### What is being asked
Reproduce the full listing below exactly. Do not include the pictures.
※ ※ ※
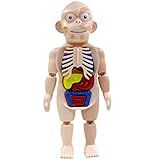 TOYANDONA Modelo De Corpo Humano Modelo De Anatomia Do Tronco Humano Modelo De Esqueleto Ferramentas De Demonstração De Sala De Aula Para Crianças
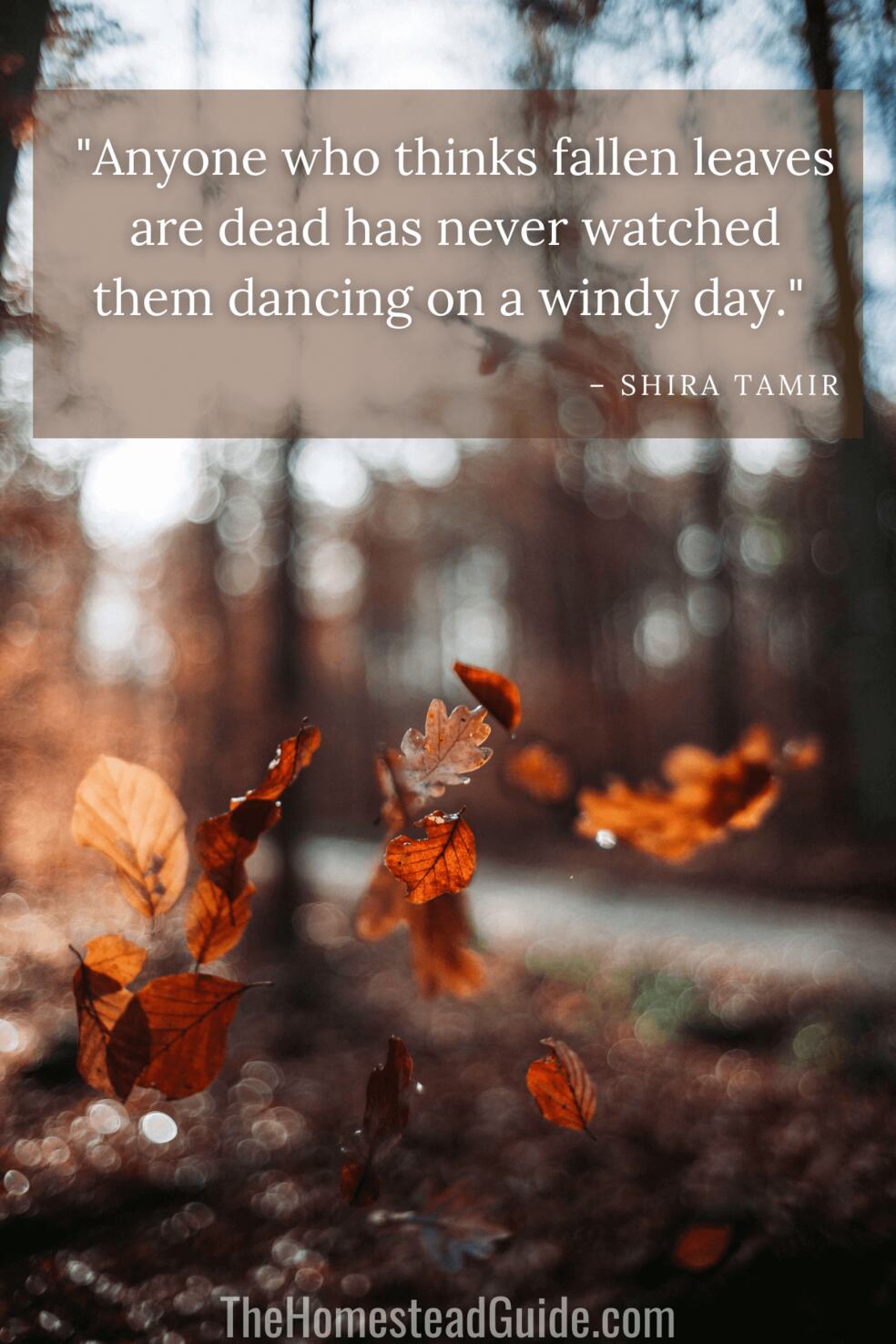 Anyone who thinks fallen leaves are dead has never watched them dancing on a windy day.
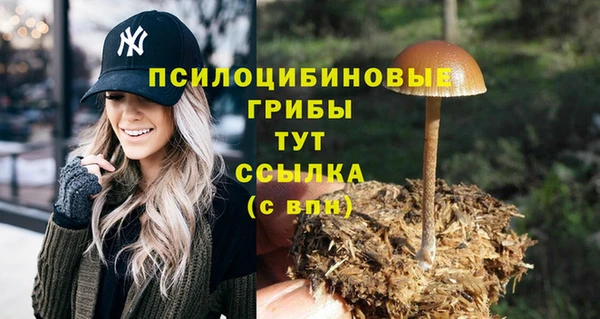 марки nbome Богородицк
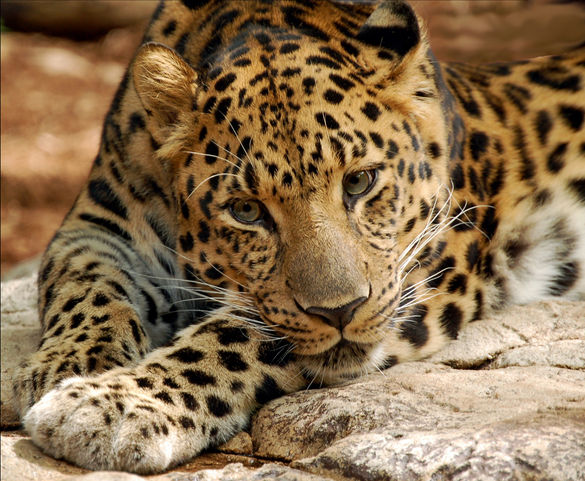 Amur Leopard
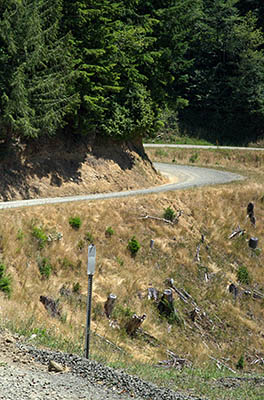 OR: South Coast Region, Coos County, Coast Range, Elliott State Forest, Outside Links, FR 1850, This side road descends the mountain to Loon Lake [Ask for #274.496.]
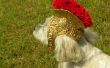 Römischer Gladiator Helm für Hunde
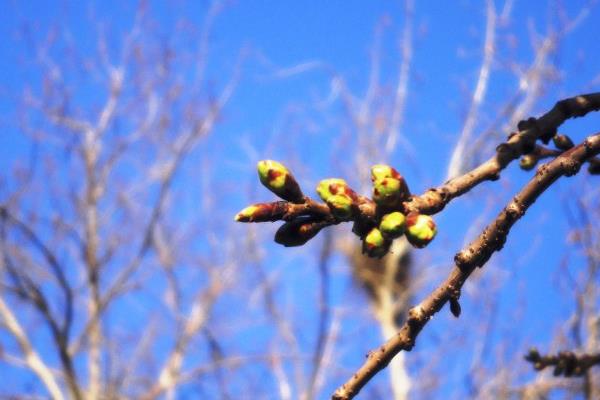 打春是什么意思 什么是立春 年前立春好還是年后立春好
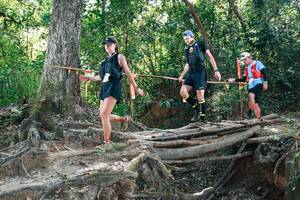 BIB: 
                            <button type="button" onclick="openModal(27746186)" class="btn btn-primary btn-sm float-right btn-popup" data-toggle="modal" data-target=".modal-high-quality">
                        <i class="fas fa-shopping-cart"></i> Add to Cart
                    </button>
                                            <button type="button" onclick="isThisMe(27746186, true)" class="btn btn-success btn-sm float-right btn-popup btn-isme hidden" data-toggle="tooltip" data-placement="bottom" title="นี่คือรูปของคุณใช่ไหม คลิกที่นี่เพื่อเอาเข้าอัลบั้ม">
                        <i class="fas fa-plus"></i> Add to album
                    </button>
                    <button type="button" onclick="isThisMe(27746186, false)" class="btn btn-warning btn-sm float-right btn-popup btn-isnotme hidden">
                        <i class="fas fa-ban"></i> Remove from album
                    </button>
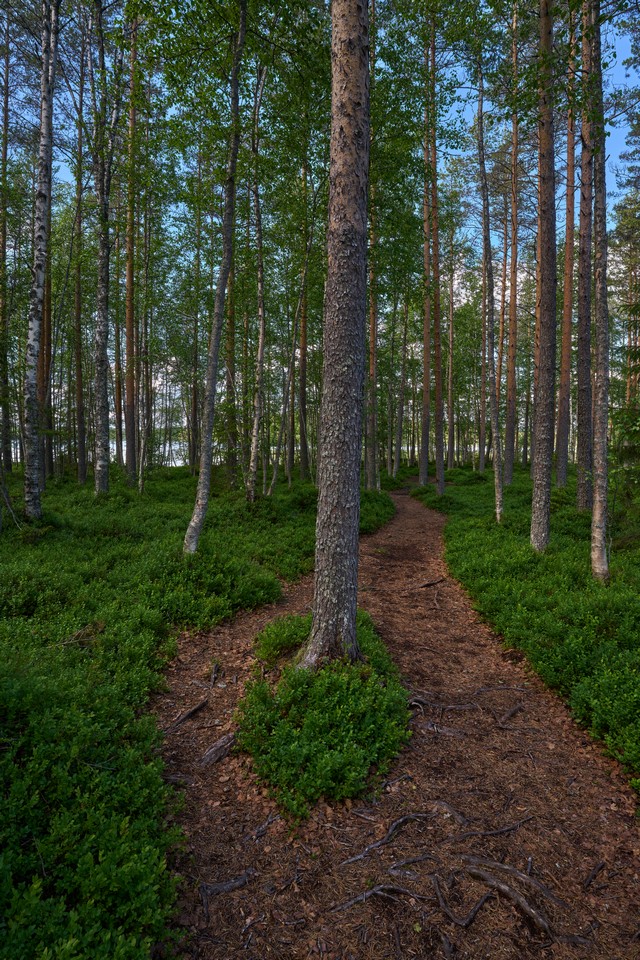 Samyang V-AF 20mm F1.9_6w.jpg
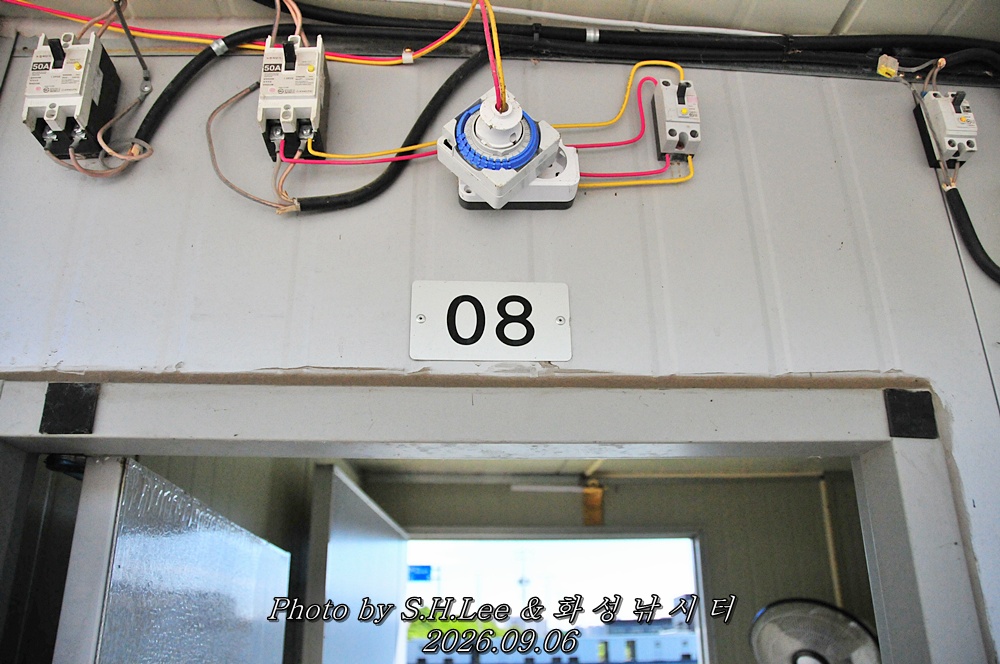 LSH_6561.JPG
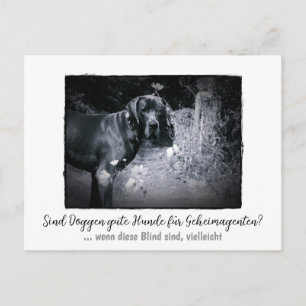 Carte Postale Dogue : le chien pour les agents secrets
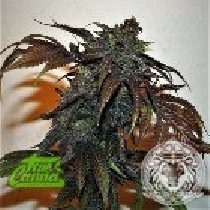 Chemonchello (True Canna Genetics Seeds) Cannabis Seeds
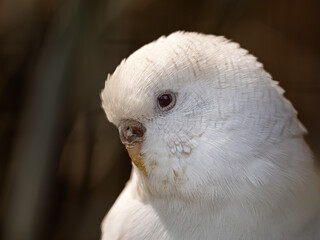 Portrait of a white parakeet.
※ ※ ※
### Solution to the exercise
 TOYANDONA Modelo De Corpo Humano Modelo De Anatomia Do Tronco Humano Modelo De Esqueleto Ferramentas De Demonstração De Sala De Aula Para Crianças
 Anyone who thinks fallen leaves are dead has never watched them dancing on a windy day.
 марки nbome Богородицк
 Amur Leopard
 OR: South Coast Region, Coos County, Coast Range, Elliott State Forest, Outside Links, FR 1850, This side road descends the mountain to Loon Lake [Ask for #274.496.]
 Römischer Gladiator Helm für Hunde
 打春是什么意思 什么是立春 年前立春好還是年后立春好
 BIB: 
                            <button type="button" onclick="openModal(27746186)" class="btn btn-primary btn-sm float-right btn-popup" data-toggle="modal" data-target=".modal-high-quality">
                        <i class="fas fa-shopping-cart"></i> Add to Cart
                    </button>
                                            <button type="button" onclick="isThisMe(27746186, true)" class="btn btn-success btn-sm float-right btn-popup btn-isme hidden" data-toggle="tooltip" data-placement="bottom" title="นี่คือรูปของคุณใช่ไหม คลิกที่นี่เพื่อเอาเข้าอัลบั้ม">
                        <i class="fas fa-plus"></i> Add to album
                    </button>
                    <button type="button" onclick="isThisMe(27746186, false)" class="btn btn-warning btn-sm float-right btn-popup btn-isnotme hidden">
                        <i class="fas fa-ban"></i> Remove from album
                    </button>
 Samyang V-AF 20mm F1.9_6w.jpg
 LSH_6561.JPG
 Carte Postale Dogue : le chien pour les agents secrets
 Chemonchello (True Canna Genetics Seeds) Cannabis Seeds
 Portrait of a white parakeet.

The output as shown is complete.